Charisma: Does Measuring It Make It Valid?

Warren Bennis and Burt Nanus assert in “Leaders: The Strategies for Taking Charge,” that “charisma is the result of effective leadership, not the other way around.” A recent report on the measurability of charisma co-authored by Kenneth Levine, Communications Studies Professor at the University of Tennessee at Knoxville, suggests that traits like: empathy, good listening skills, eye contact, enthusiasm, self-confidence and skillful speaking are measurable by social scientists. After surveying students to assess the means of defining and characterizing charisma, these learnable traits were viewed as the hallmark of charisma. Following this line of thinking to its logical conclusion suggests that any individual demonstrating these traits would be described as charismatic. In this sense, charisma would be the affectation of certain physical traits, not a specific personality trait or worldview. In this context, charismatic traits are not inborn, but learned. Going even farther, one could assert that the world would have more charismatic leaders if only more individuals possessed these physical traits. This notion is contrary to the work established by Charisma Researcher Edward Brown of Core Edge Image & Charisma Institute.

Brown asserts that traits like eye contact, effective listening skills, enthusiasm, passion and other traits are the manifestations of charisma, not charisma in its pristine form. If everyone learned the skills for becoming more charismatic, there would not be a larger number of charismatic leaders, but a larger number of people demonstrating charismatic traits. Brown is careful to not “split hairs,” when demarcating the differences. The likes of Adolph Hitler, Alexander Hamilton and Martin L. King, Jr. represent perspectives of grand ideas that transcend the physical mannerisms of charismatic personalities. Charismatic traits are the means by which charismatic leaders express ideas. The reason there would not be more charismatic leaders in the world if more people learned these behaviors (greater eye contact, empathy, effective listening, etc…) is because these individuals would not necessarily be motivated by compelling ideas. This is the critical distinction between charismatic personalities and individuals exhibiting charismatic traits. In addition, when charisma is measured based on these physical attributes, the results could be a “false positive.” Yes, one may score high on charismatic mannerisms, but low on the ability to create transformational ideas. The distinction can be characterized as one merely going through the motions versus one who thinks, feels, analyzes, synthesizes and embodies a crusade or mission. To relegate charismatic leaders to mere “actors” would suggest that behind the mask is a chameleon who seeks merely to inspire good feelings within others rather than transform a specific human condition. This is largely why charismatic leaders have been more effective during times of crisis and instability. Charismatic leaders believe they are best suited for the situation at hand, which encompasses ego, narcissism, insecurity and visions of grandeur which are inextricable traits within charismatic personalities. Individuals who score high on charismatic scales would view such traits as oppositional to their self-image as well as antithetical to their ideals on charisma.
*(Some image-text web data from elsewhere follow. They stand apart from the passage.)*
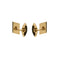 Boutons de manchette Boutons de manchette - 3 ors en or 18 carats 58 Facettes 35987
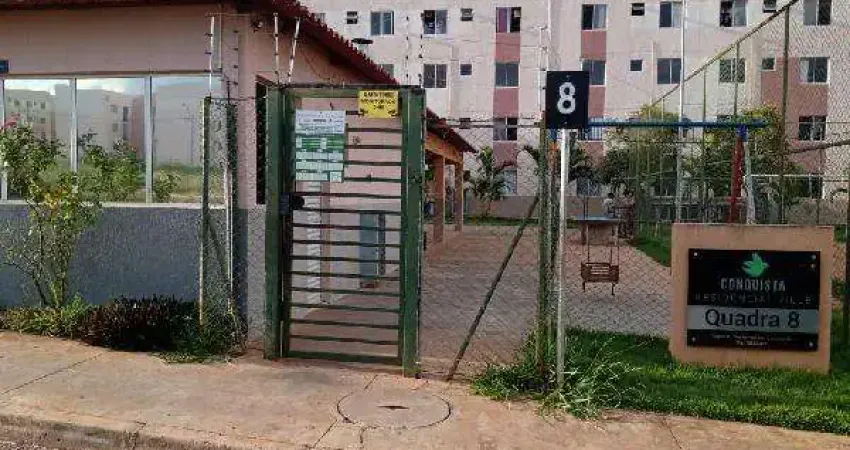 Oportunidade única em luziania - go | tipo: apartamento | negociação: venda direta online  | situação: imóvel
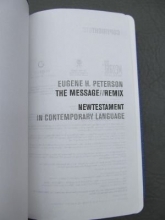 Cover art for The Message Remix New Testament in Contemporary Language (Softcover)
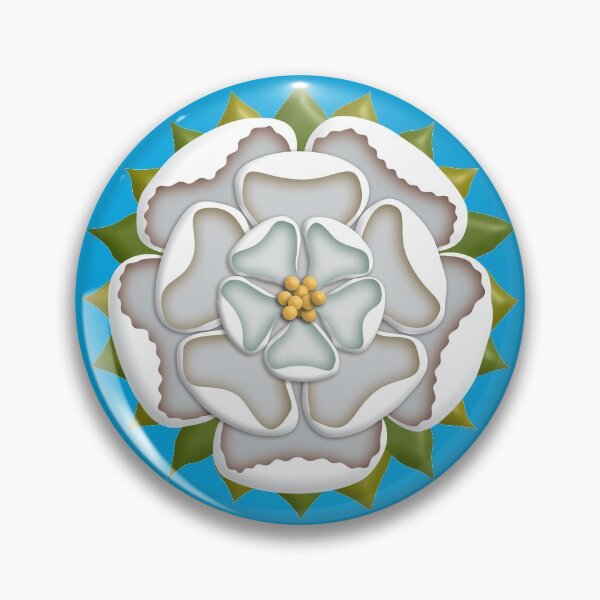Item preview, Tudor White Rose of Yorkshire designed and sold by Yorkshire Stuff.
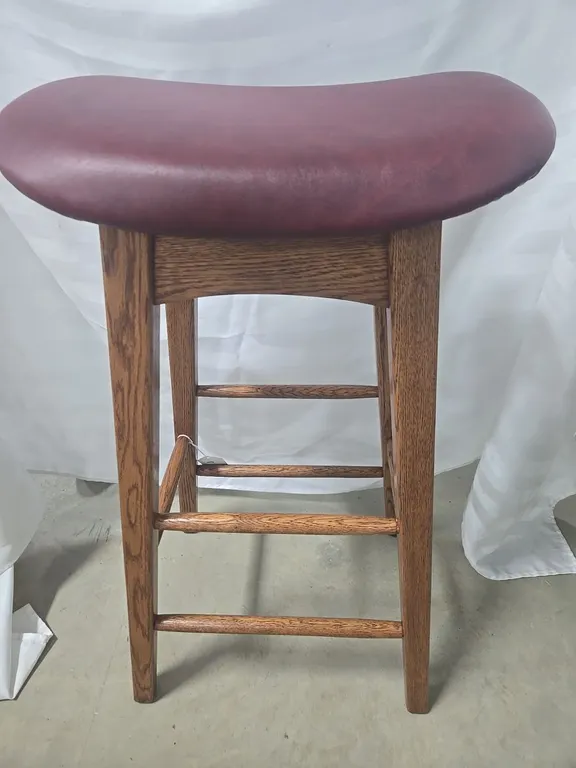 Homemade Oak Stool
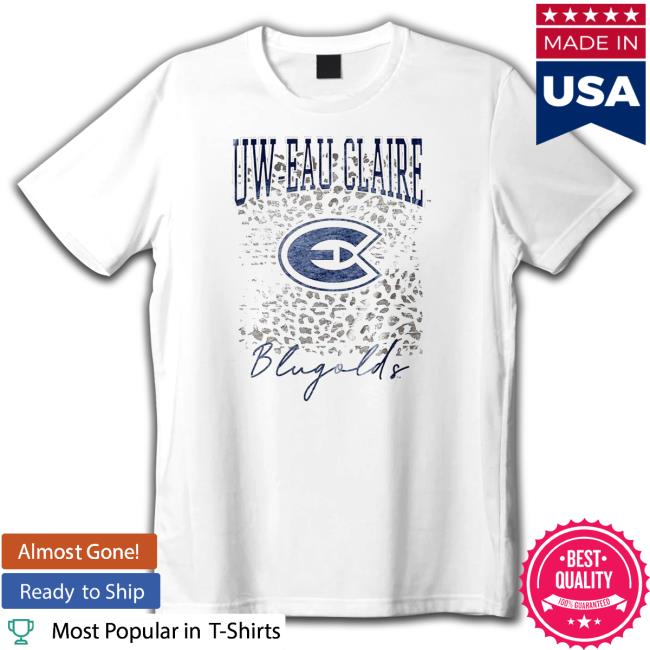 Wisconsin Eau Claire Blugolds Gameday Couture Hoodies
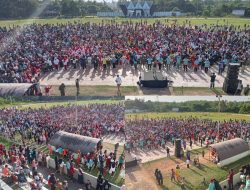 BREAKING NEWS!!! Ribuan Warga Mempawah Ikuti Senam Sehat HAORNAS 2024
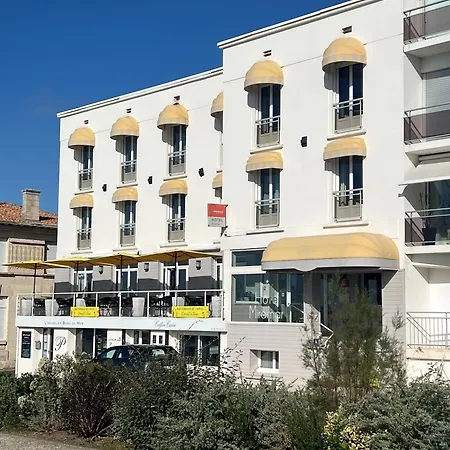 Hôtel The Originals Miramar, Royan Pontaillac-3
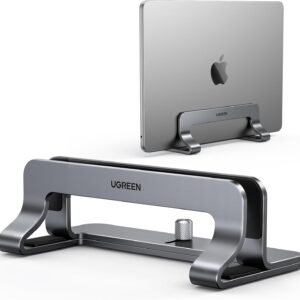 Aluminum Vertical Adjustable Laptop Stand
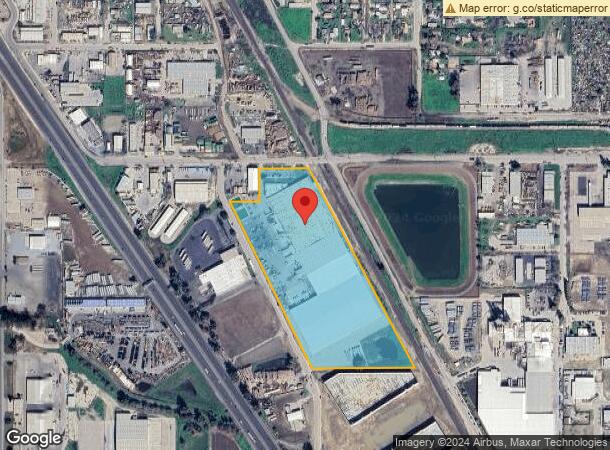  7101 Avenue 304, Visalia, CA Parcel Map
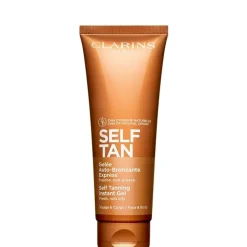 CLARINS Autobronzant|Gelée Auto-Bronzante Express                Auto-Bronzant Visage & Corps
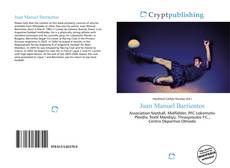 Buchcover von Juan Manuel Barrientos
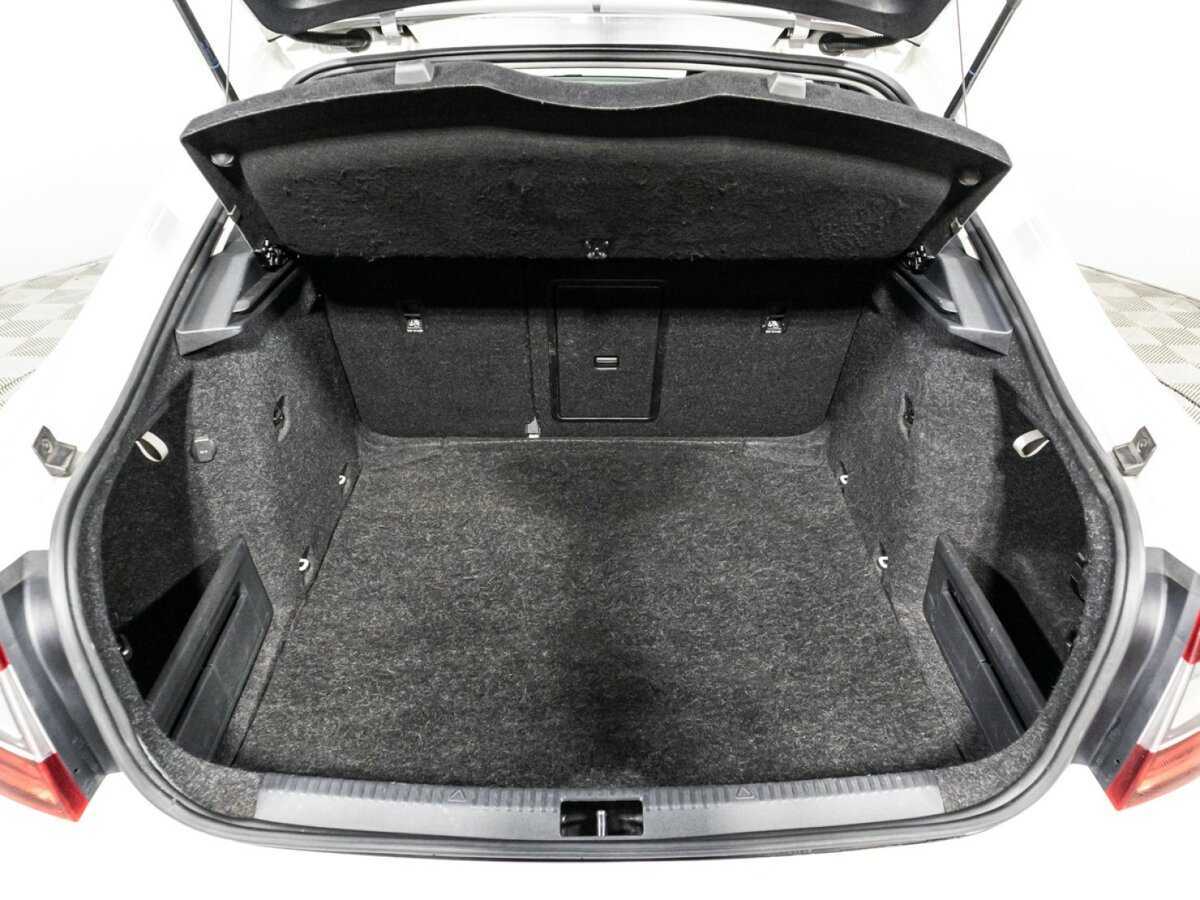 Skoda Octavia, 2017 Фото №15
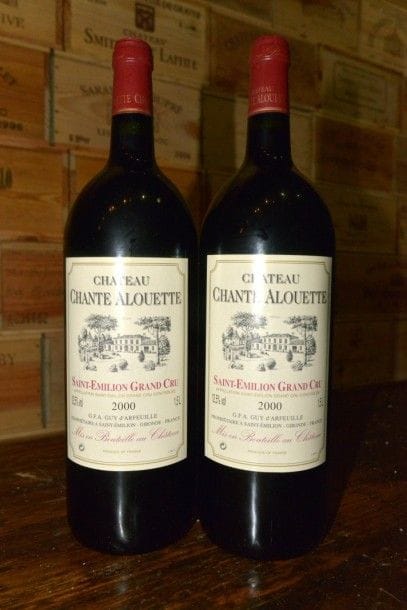 2 Magnums Château Chante Alouette 2000
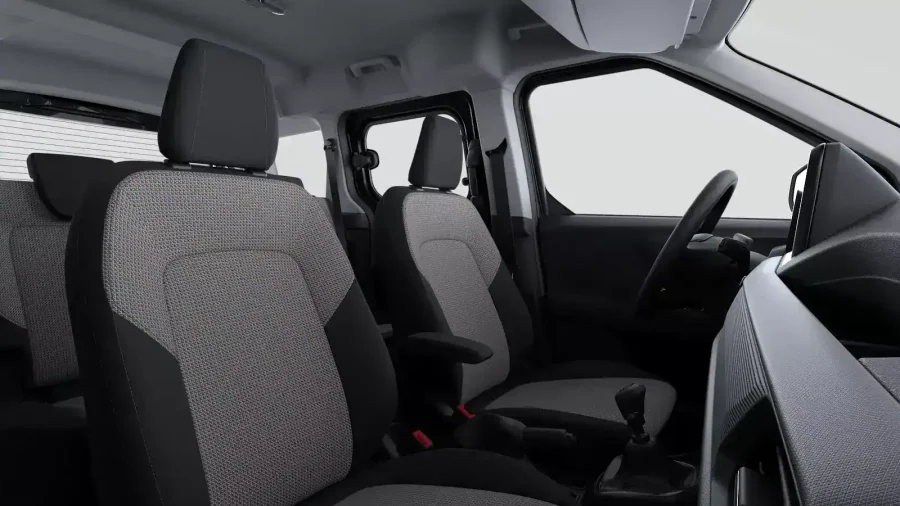 Renting Coches Ford Tourneo Courier 1.0 EcoBoost Trend Gris Cactus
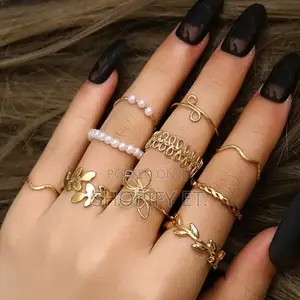 Golden Ringset (10)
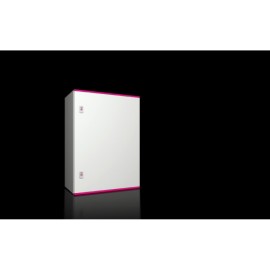 AX Gabinete mural de poliester 1P 800Hx600Wx300Dmm RAL7035 IP66 NEMA 4X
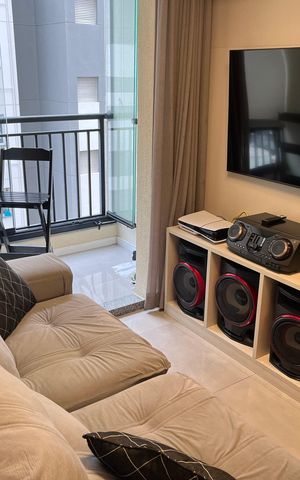 Apartamento à venda com 56m², 2 quartos e 1 vaga Apartamento à venda com 56m², 2 quartos e 1 vagaSala 1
Measuring charisma and its manifestation is valuable for developing more effective interpersonal skills within organizations. The ability to coordinate and create alliances will always be indispensable to the viability of organizations. However, there must be a distinction between what it means to be congenial versus what it means to be transformational within organizations. To confuse the two would merely create more questions than answers.